Rp 40,8 triliun mana jejaknya?
Dana Otonomi Khusus (Otsus) Aceh untuk tahun 2015 mencapai Rp 7 triliun. Dengan demikian, sejak digelontorkan pertama kali tahun 2008, Aceh sudah menerima dana otsus sebanyak Rp 40,8 triiun. Pertanyaannya, sudah optimalkah penggunaan dana itu untuk kepentingan masyarakat seperti diperintah UUPA?
Undang-Undang Pemerintahan Aceh (UUPA) memerintahkan penggunaan dana dimaksud benar-benar untuk kepentingan masyarakat.
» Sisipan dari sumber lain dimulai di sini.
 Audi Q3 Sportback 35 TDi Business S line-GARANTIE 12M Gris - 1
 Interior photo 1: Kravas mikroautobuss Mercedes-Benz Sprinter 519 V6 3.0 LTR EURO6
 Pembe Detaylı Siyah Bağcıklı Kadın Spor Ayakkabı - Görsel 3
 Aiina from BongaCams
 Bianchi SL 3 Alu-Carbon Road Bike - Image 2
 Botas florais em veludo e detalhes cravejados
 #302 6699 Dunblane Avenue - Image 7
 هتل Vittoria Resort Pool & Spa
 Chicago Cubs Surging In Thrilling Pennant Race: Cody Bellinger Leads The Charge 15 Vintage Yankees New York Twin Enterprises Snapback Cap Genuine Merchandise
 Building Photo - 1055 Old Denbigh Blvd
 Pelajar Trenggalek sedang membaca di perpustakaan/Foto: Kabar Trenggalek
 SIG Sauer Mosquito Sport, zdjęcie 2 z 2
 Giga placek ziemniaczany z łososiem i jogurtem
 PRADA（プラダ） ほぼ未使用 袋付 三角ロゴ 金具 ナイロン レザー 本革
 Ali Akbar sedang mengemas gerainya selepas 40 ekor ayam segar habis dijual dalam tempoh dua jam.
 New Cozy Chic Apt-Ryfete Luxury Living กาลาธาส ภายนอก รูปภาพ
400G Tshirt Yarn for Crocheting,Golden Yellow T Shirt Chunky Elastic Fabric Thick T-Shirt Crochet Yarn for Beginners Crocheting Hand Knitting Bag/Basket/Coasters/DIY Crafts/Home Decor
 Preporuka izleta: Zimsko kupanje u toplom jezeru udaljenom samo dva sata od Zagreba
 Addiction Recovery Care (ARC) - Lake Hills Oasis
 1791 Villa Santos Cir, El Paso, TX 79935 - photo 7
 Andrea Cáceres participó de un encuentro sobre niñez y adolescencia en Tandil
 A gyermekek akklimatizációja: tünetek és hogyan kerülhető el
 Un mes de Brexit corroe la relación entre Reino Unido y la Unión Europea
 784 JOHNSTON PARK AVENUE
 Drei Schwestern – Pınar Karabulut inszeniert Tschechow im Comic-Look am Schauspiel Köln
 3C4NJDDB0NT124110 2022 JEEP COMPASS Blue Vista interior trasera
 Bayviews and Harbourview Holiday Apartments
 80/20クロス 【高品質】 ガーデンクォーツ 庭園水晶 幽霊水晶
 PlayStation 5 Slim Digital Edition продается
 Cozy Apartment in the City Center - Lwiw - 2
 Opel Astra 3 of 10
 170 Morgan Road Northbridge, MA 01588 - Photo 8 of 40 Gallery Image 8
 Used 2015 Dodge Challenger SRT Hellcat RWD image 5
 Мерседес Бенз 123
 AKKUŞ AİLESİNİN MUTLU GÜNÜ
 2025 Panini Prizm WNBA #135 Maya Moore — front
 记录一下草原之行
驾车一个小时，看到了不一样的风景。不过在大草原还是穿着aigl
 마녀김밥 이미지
Namun, dalam beberapa tahun terakhir, Pansus DPRA dan Badan Anggaran DPR RI terhadap penggunaan dana Otsus, menyiratkan kekecewaan yang mendalam. Pemanfaatan dana otsus belum mencapai hasil sebagaimana diharapkan. Banyak proyek otsus tidak tepat sasaran, tidak tepat peruntukan, tidak tepat waktu, dan tidak tepat pelaporan.
Mestinya, pihak eksekutif di provinsi dan kabupaten/kota memahami benar bahwa dana otsus harus dimanfaatkan untuk membiayai pembangunan dan pemeliharaan infrastruktur, pemberdayaan ekonomi rakyat, pengentasan kemiskinan, serta pendanaan pendidikan, sosial, dan kesehatan.
Kamudian, harus disadari pula bahwa dana otus ini bukan pendapatan yang abadi. Tapi hanya diberikan selama dua puluh tahun. Untuk tahun pertama (2008) sampai tahun ke-15 (2022) besarnya setara dengan 2% dari plafon Dana Alokasi Umum Nasional (DAUN). Untuk lima tahun berikutnya (2023-2028) besarnya setara dengan 1% plafon DAUN.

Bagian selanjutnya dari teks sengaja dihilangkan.